当局は、“アストロブヌイ”が17名の従業員に対し、2014年6月期から翌2015年1月期までの間、賃金を支払わなかったとし、起訴へ向け証拠収集等の捜査活動を行っている。
(報告担当者 原口聖二: サプサン・グループの“アストロブヌイ”は2010年前後、日本漁船、或いは日本陸上からのサンマ調達に強い関心を示し、同社代表ユーリ・ベルキンは訪日を繰り返していた経緯にある。)
(関連過去情報)
2010年11月9日 日本経済新聞
[気仙沼の阿部長商店 水産加工品 ロシアに輸出]
年内メド、現地大手と合弁
阿部長商店(宮城県気仙沼市、阿部泰浩社長)は水産加工品のロシア輸出を始める。年内をメドに現地の水産加工大手と合弁会社を設立し、ロシア全土の食品スーパーで日本で製造した冷凍食品やレトルト食品を販売する。輸出拡大に向けて岩手県大船渡市に水産加工では東北最大級の新工場を稼動させた。人口減で国内市場が縮小するなか、新興国に活路を開く。
50億円投資 大船渡に新工場
ロシアの水産加工大手、サプサン・グループ(ユーリ・ベルキン)と現地での販売を手掛ける合弁会社、阿部長ユーロフード(モスクワ市)を設立する。阿部長とサプサンがそれぞれ10万ドル(約810万円)を出資する方向で調整している。サプサンは水産物の缶詰ではロシアで20%以上のシェアを握る。阿部長とはサンマなど缶詰原料の調達で取引がある。サプサンはロシア全土で自社の商品を販売しており、同社の販路に乗せて阿部長が日本で生産するサンマのかば焼きやカツオの煮物など加工食品を売り出す。ロシアでも所得水準の高いモスクワやサンクトペテルブルクなど西部に重点を置く。
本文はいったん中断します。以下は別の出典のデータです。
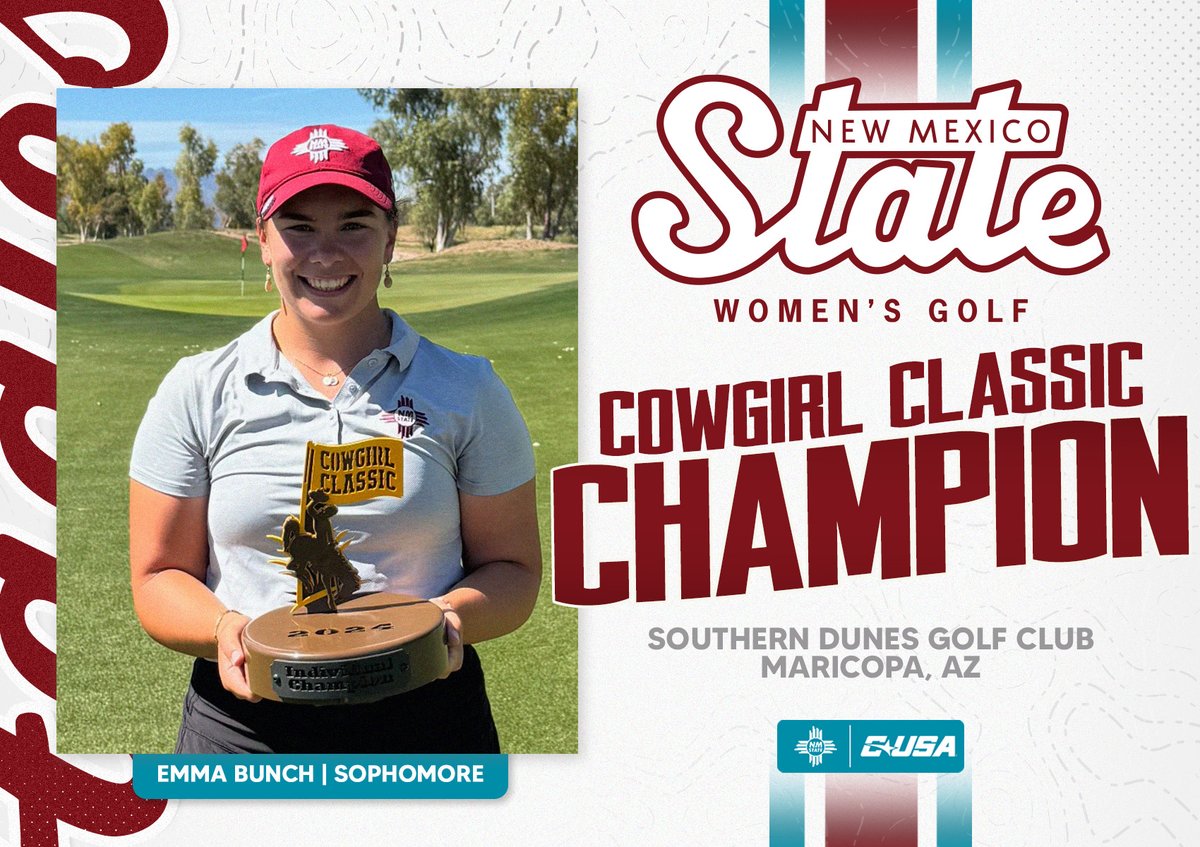 𝘽𝘼𝘾𝙆-𝙏𝙊-𝘽𝘼𝘾𝙆-𝙏𝙊-𝘽𝘼𝘾𝙆-𝙏𝙊-𝘽𝘼𝘾𝙆 𝘾𝙃𝘼𝙈𝙋𝙄𝙊𝙉 🔥 Emma Bunch (-9) earns her fourth-straight individual title! #AggieUp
サプサンはドイツに子会社を持っており、将来は西欧諸国での販売も視野に入れる。阿部長は輸出向け商品の生産拡大を目的に、岩手県大船渡市に新工場を建設した。投資額は土地の購入費用を含め50円。現在は大船渡の近海でとれるサンマやサバを冷凍し、缶詰の原料などとしてロシアや中国に出荷している。来年1月には加工食品の製造も始める。同社の本社がある気仙沼の工場は沖合いでとれるマグロやカツオを使った商品の占める割合が大きい。大船渡の沿岸や魚種が豊富で、取扱品目を拡充する狙いがある。大船渡港が外貿コンテナ航路の寄港地となり、輸出しやすくなったことも立地の決め手になった。阿部長は中国・大連現地法人を設けるなど、新興国への輸出を強化している。背景には人口減と魚食離れによる国内市場の縮小がある。水産庁によると食用魚介類の国内消費量は2008年度に715万トンとピークだった20年前に比べ2割減った。一方、ロシアは経済成長が期待される新興国。魚介類を食べる習慣が根付いており、今後も消費量の増大が見込まれる。阿部長は1968年の設立。水産加工業のほか気仙沼市や南三陸町でホテルなど観光事業も手掛ける。2009年12月期の売上高は132億円。